Your instructions »
Beginning with the first line of the data below, set down each line exactly through the line that contains "Pearl Necklace for".

Extracted data »
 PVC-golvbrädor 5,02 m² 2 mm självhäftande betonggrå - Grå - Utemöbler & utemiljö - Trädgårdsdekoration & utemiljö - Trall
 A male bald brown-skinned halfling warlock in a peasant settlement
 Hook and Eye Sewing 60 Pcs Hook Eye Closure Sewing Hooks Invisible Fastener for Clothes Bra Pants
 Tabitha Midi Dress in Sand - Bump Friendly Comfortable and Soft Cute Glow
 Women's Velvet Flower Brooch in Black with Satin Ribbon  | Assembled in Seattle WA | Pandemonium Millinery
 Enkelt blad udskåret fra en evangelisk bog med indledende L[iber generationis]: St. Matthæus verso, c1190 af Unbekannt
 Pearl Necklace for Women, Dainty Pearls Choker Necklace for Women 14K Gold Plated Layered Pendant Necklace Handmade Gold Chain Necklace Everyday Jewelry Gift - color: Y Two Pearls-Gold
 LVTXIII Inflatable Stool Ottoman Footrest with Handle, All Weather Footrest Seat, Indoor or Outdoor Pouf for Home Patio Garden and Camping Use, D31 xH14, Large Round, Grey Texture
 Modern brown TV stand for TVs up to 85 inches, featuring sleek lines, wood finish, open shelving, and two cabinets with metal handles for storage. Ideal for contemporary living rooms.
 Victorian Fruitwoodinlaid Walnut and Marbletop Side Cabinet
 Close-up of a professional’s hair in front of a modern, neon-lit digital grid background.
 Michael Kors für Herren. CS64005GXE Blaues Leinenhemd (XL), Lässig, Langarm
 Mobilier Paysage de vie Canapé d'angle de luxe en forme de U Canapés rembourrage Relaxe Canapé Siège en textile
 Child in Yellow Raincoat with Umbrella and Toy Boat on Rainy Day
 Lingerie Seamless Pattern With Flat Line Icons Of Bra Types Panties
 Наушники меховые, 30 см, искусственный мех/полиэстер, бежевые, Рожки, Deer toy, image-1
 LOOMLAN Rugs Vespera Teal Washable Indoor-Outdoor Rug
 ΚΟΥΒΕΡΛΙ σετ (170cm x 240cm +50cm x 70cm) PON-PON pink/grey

Task solution »
 PVC-golvbrädor 5,02 m² 2 mm självhäftande betonggrå - Grå - Utemöbler & utemiljö - Trädgårdsdekoration & utemiljö - Trall
 A male bald brown-skinned halfling warlock in a peasant settlement
 Hook and Eye Sewing 60 Pcs Hook Eye Closure Sewing Hooks Invisible Fastener for Clothes Bra Pants
 Tabitha Midi Dress in Sand - Bump Friendly Comfortable and Soft Cute Glow
 Women's Velvet Flower Brooch in Black with Satin Ribbon  | Assembled in Seattle WA | Pandemonium Millinery
 Enkelt blad udskåret fra en evangelisk bog med indledende L[iber generationis]: St. Matthæus verso, c1190 af Unbekannt
 Pearl Necklace for Women, Dainty Pearls Choker Necklace for Women 14K Gold Plated Layered Pendant Necklace Handmade Gold Chain Necklace Everyday Jewelry Gift - color: Y Two Pearls-Gold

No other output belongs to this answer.